En definitiva, no quisiera aludir al padre solo como interdictor, como competidor edípico o como modelo ideal de identificación tal cual lo ha venido haciendo, hasta ahora, el psicoanálisis clásico. A partir del análisis de varones, alguno de ellos muy pequeños- puedo afirmar que el niño busca en el padre, en el cuerpo del padre, la posibilidad de encontrar antes que a un rival o a un ideal para identificarse; antes que al garante de la desidentificación de la madre; el niño busca en el padre al dueño de las claves de su subjetividad. El niño reclama en la proximidad corporal con el padre -no solo en la mirada referencial, o en la palabra autorizada- el alimento para lograr su independencia, su autonomía, su individuación. Pero no la independencia y la autonomía de la madre, sino la independencia de la tiranía que los imperativos patriarcales le imponen desde los inicios de su vida.
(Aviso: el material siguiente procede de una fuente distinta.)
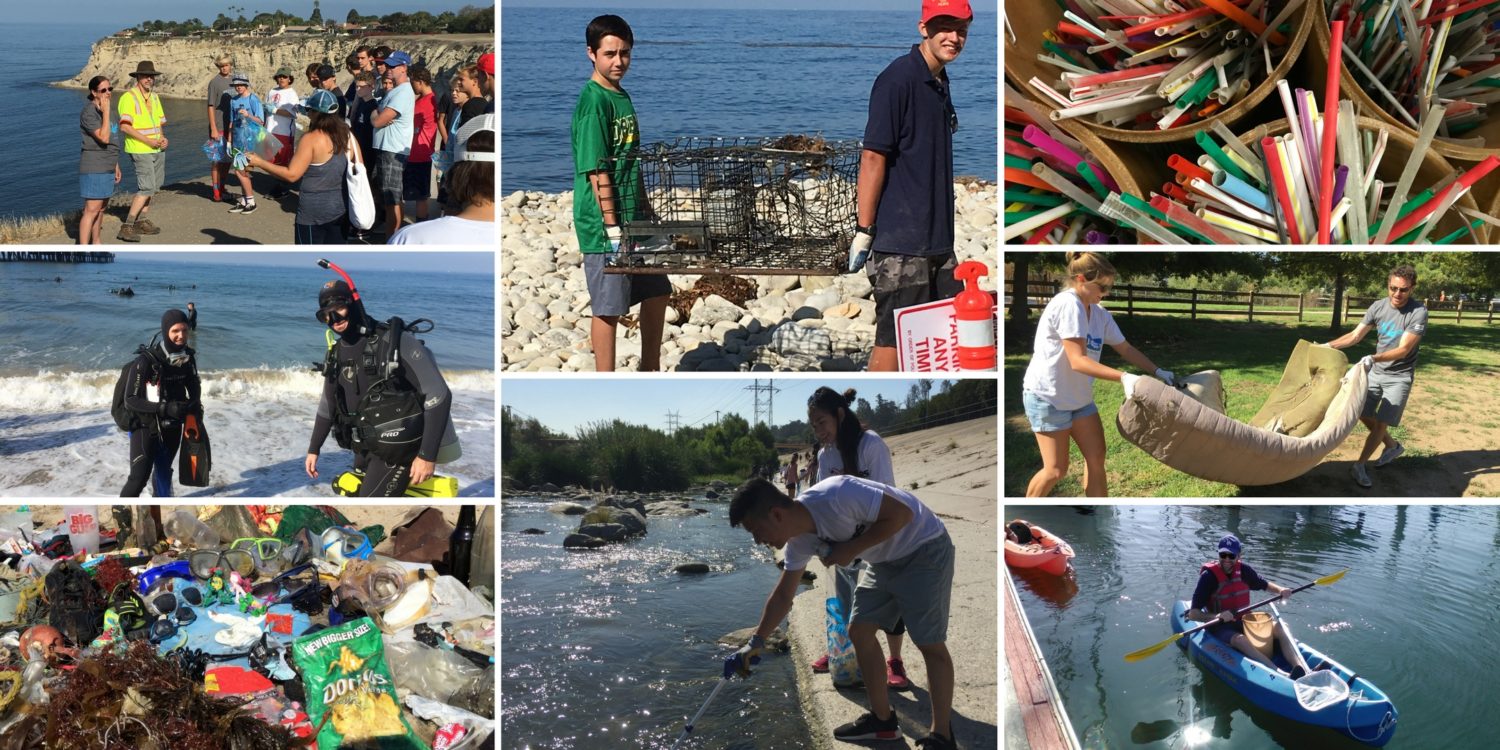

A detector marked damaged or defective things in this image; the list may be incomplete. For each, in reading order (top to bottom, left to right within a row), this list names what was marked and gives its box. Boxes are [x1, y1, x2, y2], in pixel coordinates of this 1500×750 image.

rusty crab trap [600, 136, 856, 276]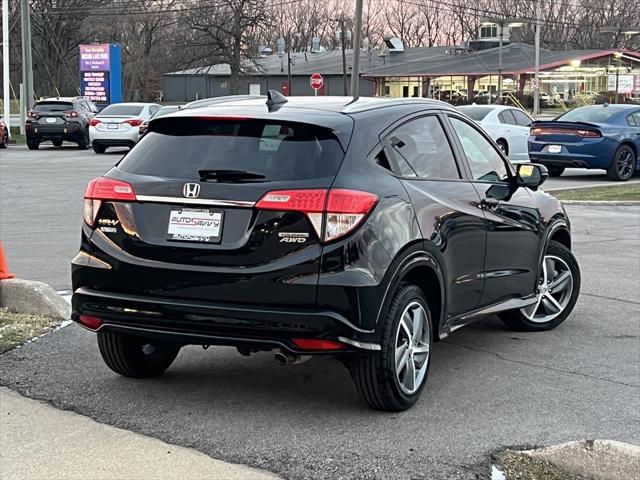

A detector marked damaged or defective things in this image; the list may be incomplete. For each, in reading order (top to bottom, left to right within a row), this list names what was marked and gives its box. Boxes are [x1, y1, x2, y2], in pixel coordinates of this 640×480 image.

pavement crack [580, 290, 640, 306]
pavement crack [444, 342, 640, 390]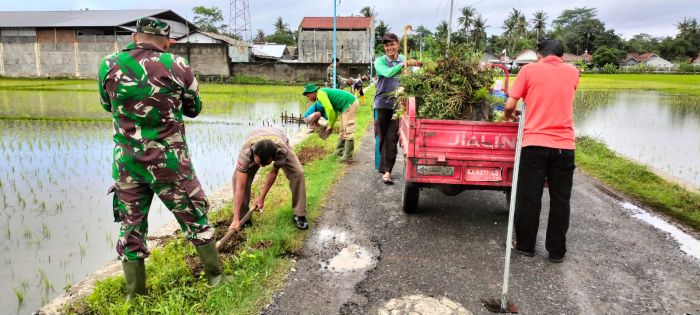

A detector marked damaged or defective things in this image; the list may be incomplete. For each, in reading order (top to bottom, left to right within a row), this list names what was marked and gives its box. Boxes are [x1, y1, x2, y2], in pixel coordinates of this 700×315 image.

road pothole [322, 243, 378, 272]
road pothole [378, 296, 470, 315]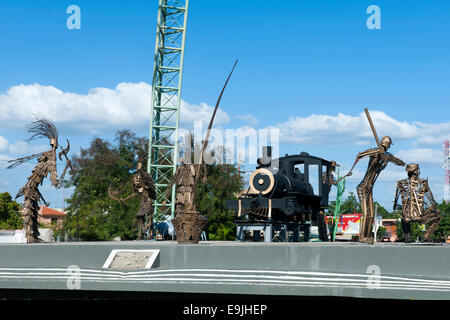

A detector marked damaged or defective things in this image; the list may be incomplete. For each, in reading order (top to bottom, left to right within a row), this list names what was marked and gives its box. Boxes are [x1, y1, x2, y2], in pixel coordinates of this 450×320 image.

rusty metal sculpture [6, 117, 71, 242]
rusty metal sculpture [109, 161, 156, 239]
rusty metal sculpture [170, 60, 237, 244]
rusty metal sculpture [342, 109, 406, 244]
rusty metal sculpture [396, 164, 442, 241]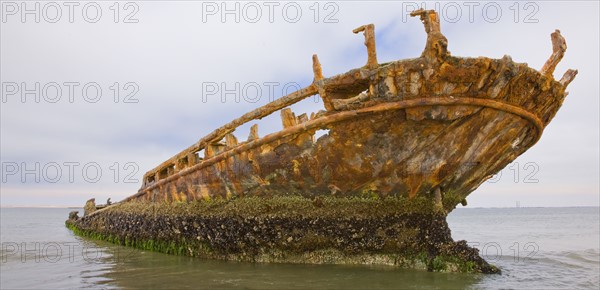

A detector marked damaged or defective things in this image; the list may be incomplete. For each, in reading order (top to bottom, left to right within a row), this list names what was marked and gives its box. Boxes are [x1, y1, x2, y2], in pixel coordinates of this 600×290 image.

Esto supone que además de mirarlos a la distancia, además de hablarles a los hijos, además de tirarse al suelo para luchar “de jugando” con ellos, además de llevarlos a la cancha tomados de la mano, los padres deberían tocarlos, deberían acariciarlos, tenerlos en brazos, alimentarlos, higienizarlos, abrigarlos. El no hacerlo, la distancia del padre, permite que el varón, seguramente, pase de tomar al padre como objeto de amor, a identificarse con él. Pero, también, supone identificarse con él a la manera de él. Esto es: ejerciendo la violencia sádica o la sumisión homosexual a través de las cuales los varones reproducimos los estereotipos de la masculinidad que el patriarcado impone y que César narra magistralmente en su libro.
Pues bien: César escribió un libro de cuentos, un libro de cuentos donde aparece el psicoanalista. El libro tuvo la virtud de incitarme a reflexionar acerca de la relación de los padres con los hijos y, más aun, tuvo la virtud de invitarme a recapacitar acerca de la relación con mi padre y de la relación con mi hijo. De modo tal que a medida que me internaba en el universo íntimo del texto, fueron apareciendo aquellas experiencias que dejaron su huella más profunda en mí.
Pues bien: César escribió. Yo solo soy su lector. La escritura, ya se sabe, está del lado de lo fijo, de lo inmutable; es, si se quiere, conservadora. Por el contrario, la lectura está del lado de lo efímero, es siempre innovadora. La lectura es ese acto singular que resiste indoblegable a cualquier imposición de sentido. En principio porque la lectura no está inscripta en el libro y, a despecho de la intención que como autor pueda asignarle, la interpretación que del texto hagamos nosotros queda libre de volar por donde César no lo ha previsto. Entonces, ya que este libro no existe a no ser por la significación que nosotros como lectoras y lectores podamos otorgarle, aceptemos el desafío de llenarlo de sentido.
César escribió. Ahora, léanlo. Transiten el libro, circulen por su texto, háganlo volar, pasen y repasen por su imaginación, por el horror y la ironía, por el suspenso y la esperanza. Llévenlo allí donde el no pudo imaginarlo. Y, por sobre todo, disfrútenlo como lo he disfrutado yo.